BEIRUT: Lebanon’s president on Wednesday accused Saudi Arabia of holding hostage prime minister Saad al-Hariri along with his family – the first time he has explicitly said he was being held – and called this an act of aggression.
“We will not accept him remaining a hostage whose reason for detention we do not know,” President Michel Aoun said in a statement.
Hariri’s abrupt resignation as premier in a statement televised from the Saudi capital Riyadh on Nov 4 thrust Lebanon to the front of a Middle East contest for power between Saudi Arabia and Iran.
Aoun has said he will not accept Hariri’s resignation until he returns to Lebanon to formally submit it and explain his reasons, which Hariri has said he will do in the coming days.
Lebanese politicians close to Hariri said last week that Saudi Arabia had coerced him into quitting. Hariri has denied being kept in custody by Saudi Arabia and pledged on Wednesday to return soon. Riyadh denies detaining him or forcing him to resign.

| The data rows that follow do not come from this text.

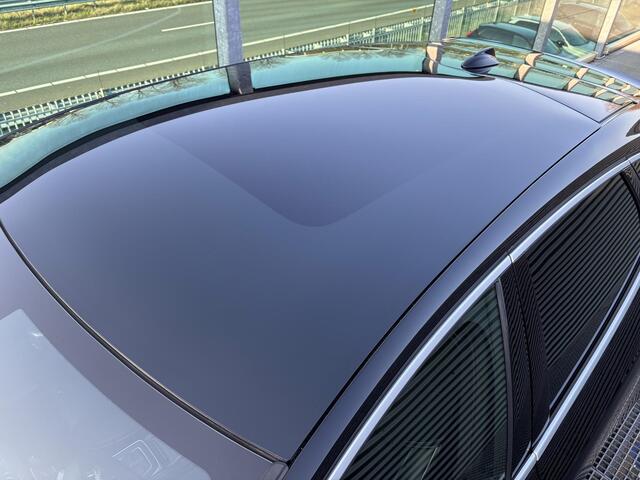 Volvo V40 1.5 T3 Polar+ Sport Automaat, R-design, Panoramadak, Stoelverwarming, High performance audio, Extra getinte ramen vanaf B-stijl, Climate control, Cruise control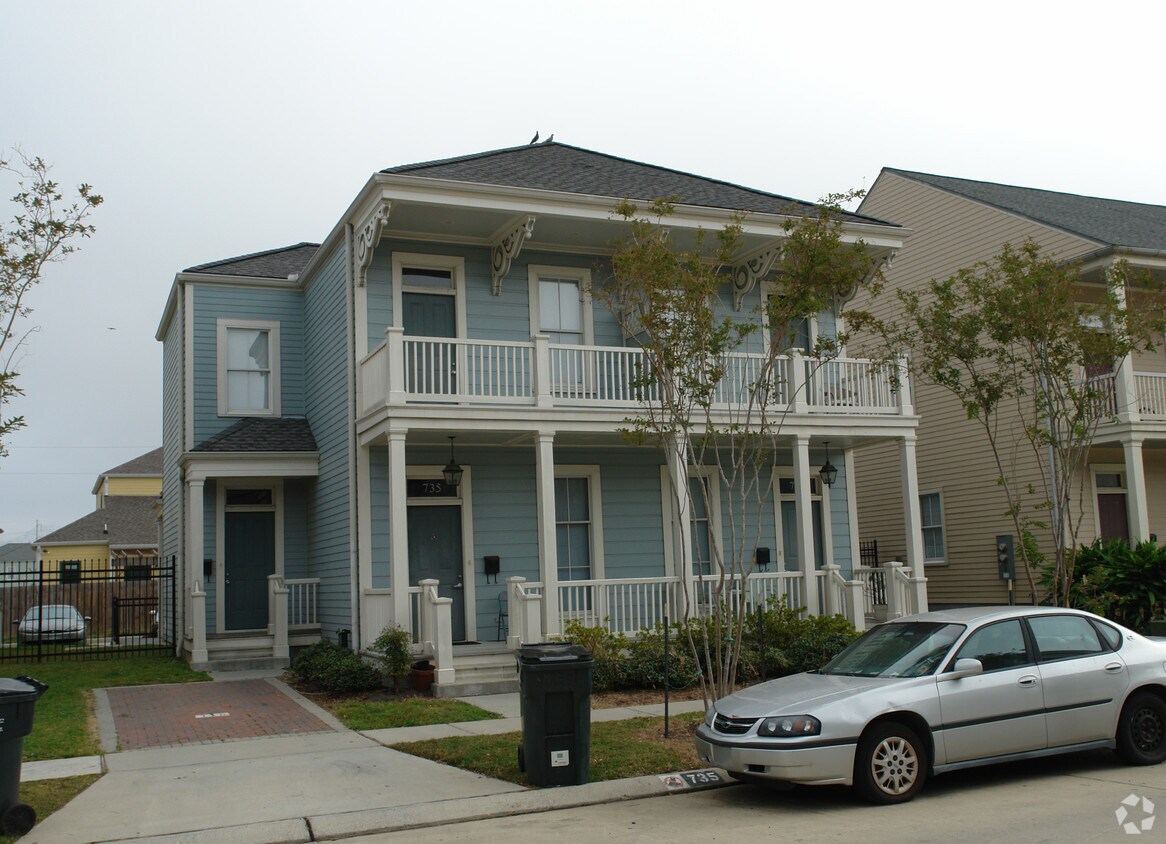 Building Photo - 731 Adele Dr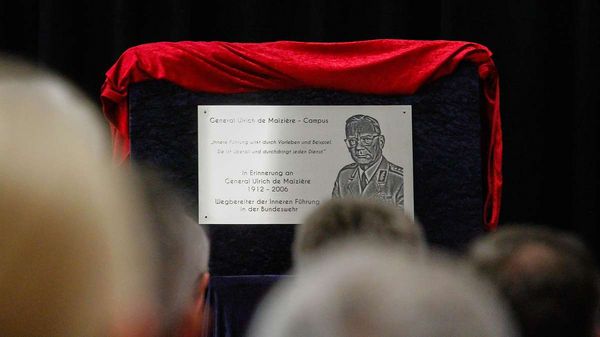 Diese Plakette hängt demnächst im Eingang des Zentrums Innere Führung in Koblenz. Foto:  Bundeswehr/Fabian Schier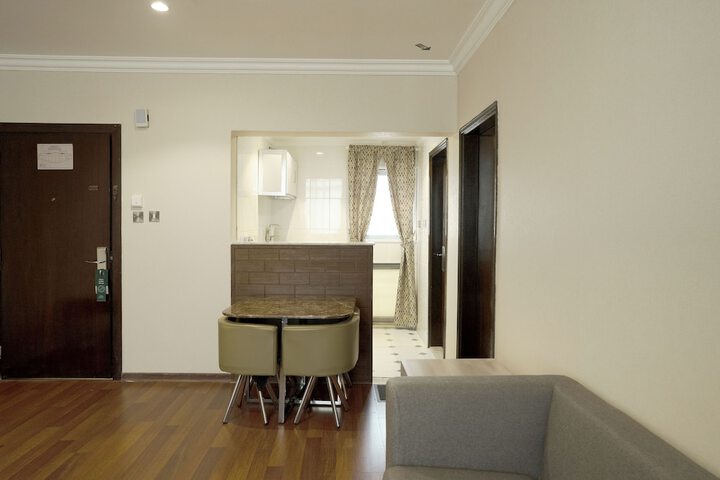 Room 41 of 102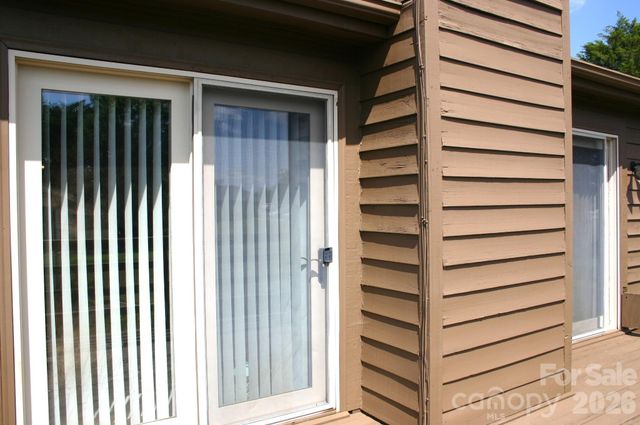 1647 Woodridge Circle, Hickory, NC 28602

Saudi Arabia has long been considered Hariri’s main external supporter. Aoun is a political ally of Lebanon’s Hezbollah, a powerful Muslim group with close ties to Iran.
Lebanon’s coalition government was formed last year through a political deal that made Aoun president, Hariri prime minister, and brought members of Hezbollah into the cabinet.
Saudi Arabia last week accused Lebanon of having declared war on it because of Hezbollah’s role in other Arab countries. It regards Hezbollah as a terrorist organisation.
In an interview on Sunday night with a television station he owns, Hariri warned of economic sanctions against Lebanon and of a threat to the livelihoods of hundreds of thousands of Lebanese workers living in Saudi Arabia and its Gulf allies.
“Nothing justifies Hariri’s lack of return for 12 days. We therefore consider him detained,” Aoun said.
He added that Lebanon had confirmed that Hariri’s family were under detention in their house in Saudi Arabia and were searched whenever they entered or left it.